## Material for the task
=== Begin Enclosure ===
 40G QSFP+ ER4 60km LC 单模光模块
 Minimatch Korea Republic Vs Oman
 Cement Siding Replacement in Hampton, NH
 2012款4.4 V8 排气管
=== End Enclosure ===
=== Begin Enclosure ===
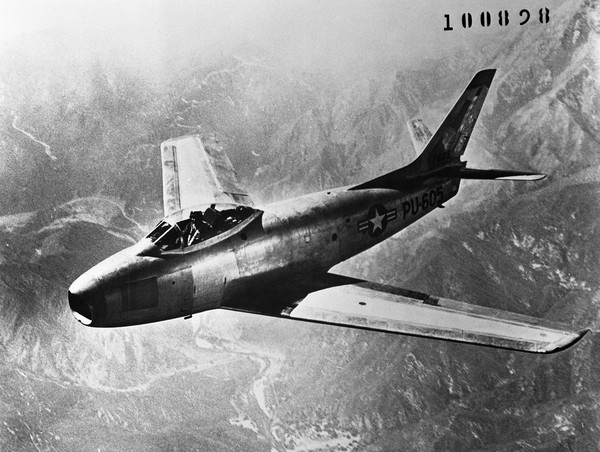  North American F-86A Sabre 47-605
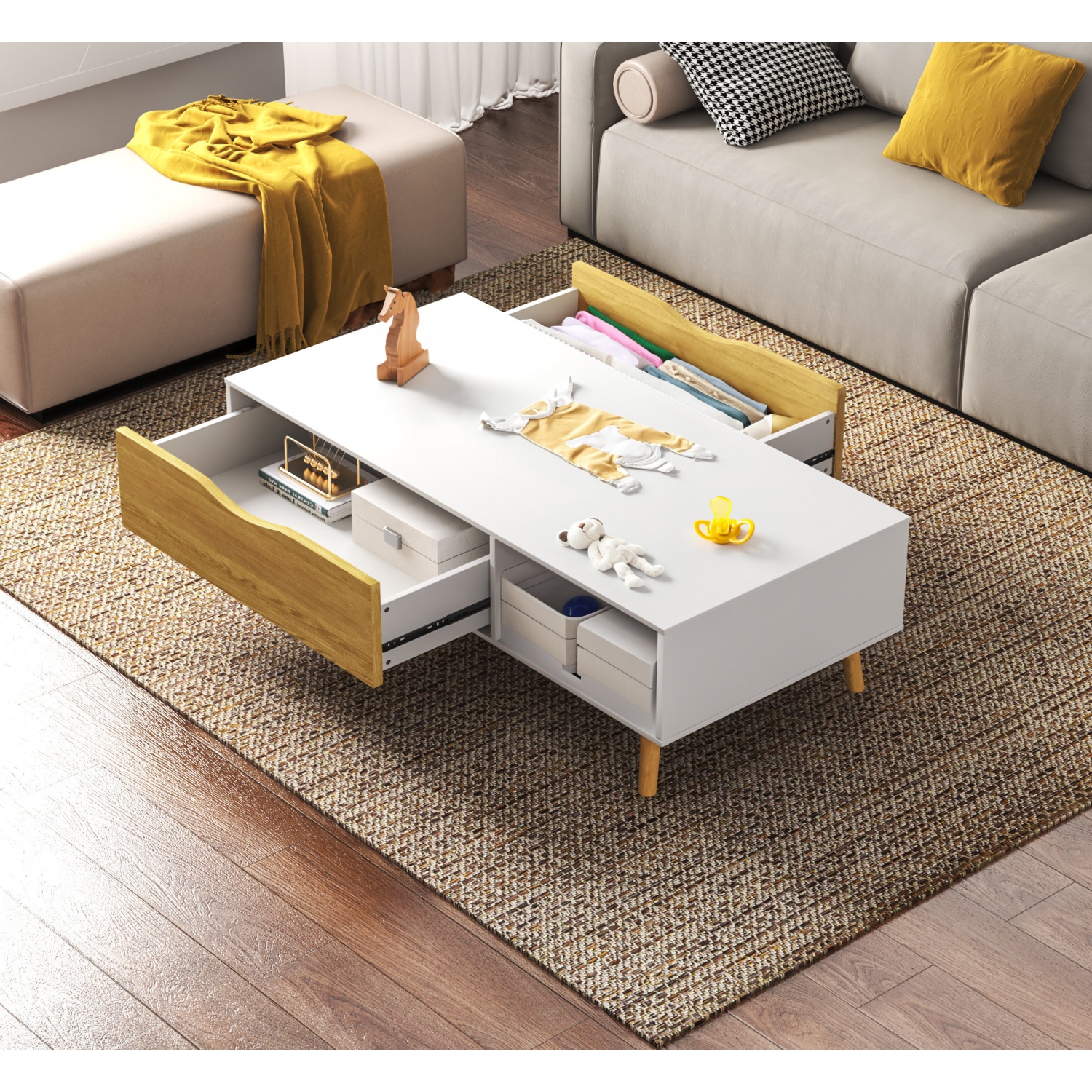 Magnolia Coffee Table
=== End Enclosure ===
## Assignment
Range to print from the listing above: from the line with "North American F-86A Sabre 47-605" up to and including the line with "Magnolia Coffee Table". Please print those lines exactly, with no pictures and nothing more.

## Exercise result
  North American F-86A Sabre 47-605
 Magnolia Coffee Table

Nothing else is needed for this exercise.